Two of the most fundamental higher-order functions included in the standard library are `map`

and `filter`

. These functions are generic and can operate on any iterable. In particular, they are well-suited for computations on arrays.

Suppose we have a dataset of schools. Each school teaches a particular subject, has a number of classes, and an average number of students per class. We can model a school with the following immutable type:

```
immutable School
subject::Symbol
nclasses::Int
nstudents::Int # average no. of students per class
end
```

Our dataset of schools will be a `Vector{School}`

:

```
dataset = [School(:math, 3, 30), School(:math, 5, 20), School(:science, 10, 5)]
```

Suppose we wish to find the number of students in total enrolled in a math program.
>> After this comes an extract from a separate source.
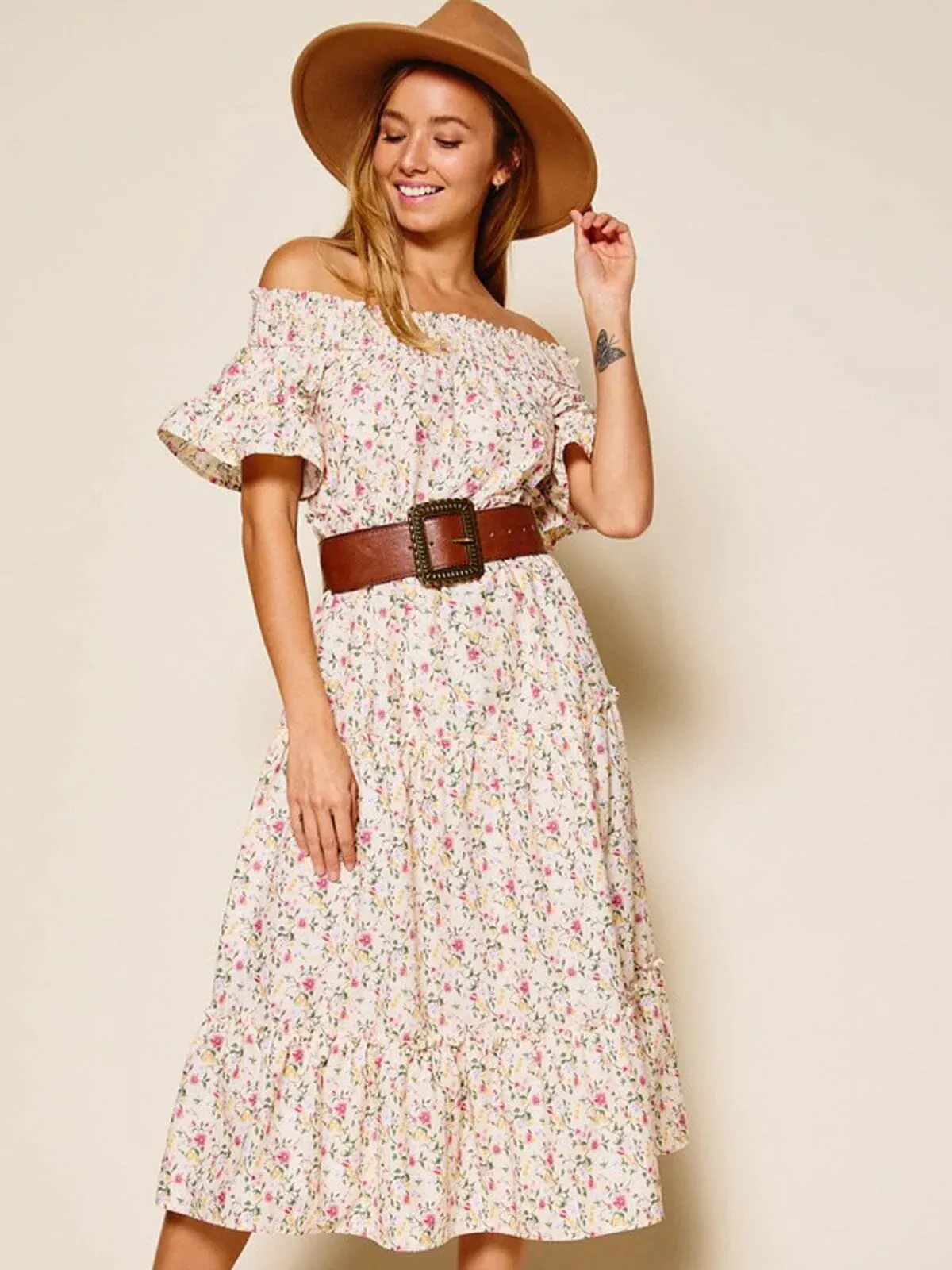 WOMEN'S OFF SHOULDER SMOCK NECK FLORAL MIDI DRESS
To do this, we require several steps:

- we must narrow the dataset down to only schools that teach math (
`filter`

) - we must compute the number of students at each school (
`map`

) - and we must reduce that list of numbers of students to a single value, the sum (
`reduce`

)

A naïve (not most performant) solution would simply be to use those three higher-order functions directly.

```
function nmath(data)
maths = filter(x -> x.subject === :math, data)
students = map(x -> x.nclasses * x.nstudents, maths)
reduce(+, 0, students)
end
```

and we verify there are 190 math students in our dataset:

```
julia> nmath(dataset)
190
```

Functions exist to combine these functions and thus improve performance. For instance, we could have used the `mapreduce`

function to perform the mapping and reduction in one step, which would save time and memory.

The `reduce`

is only meaningful for associative operations like `+`

, but occasionally it is useful to perform a reduction with a non-associative operation. The higher-order functions `foldl`

and `foldr`

are provided to force a particular reduction order.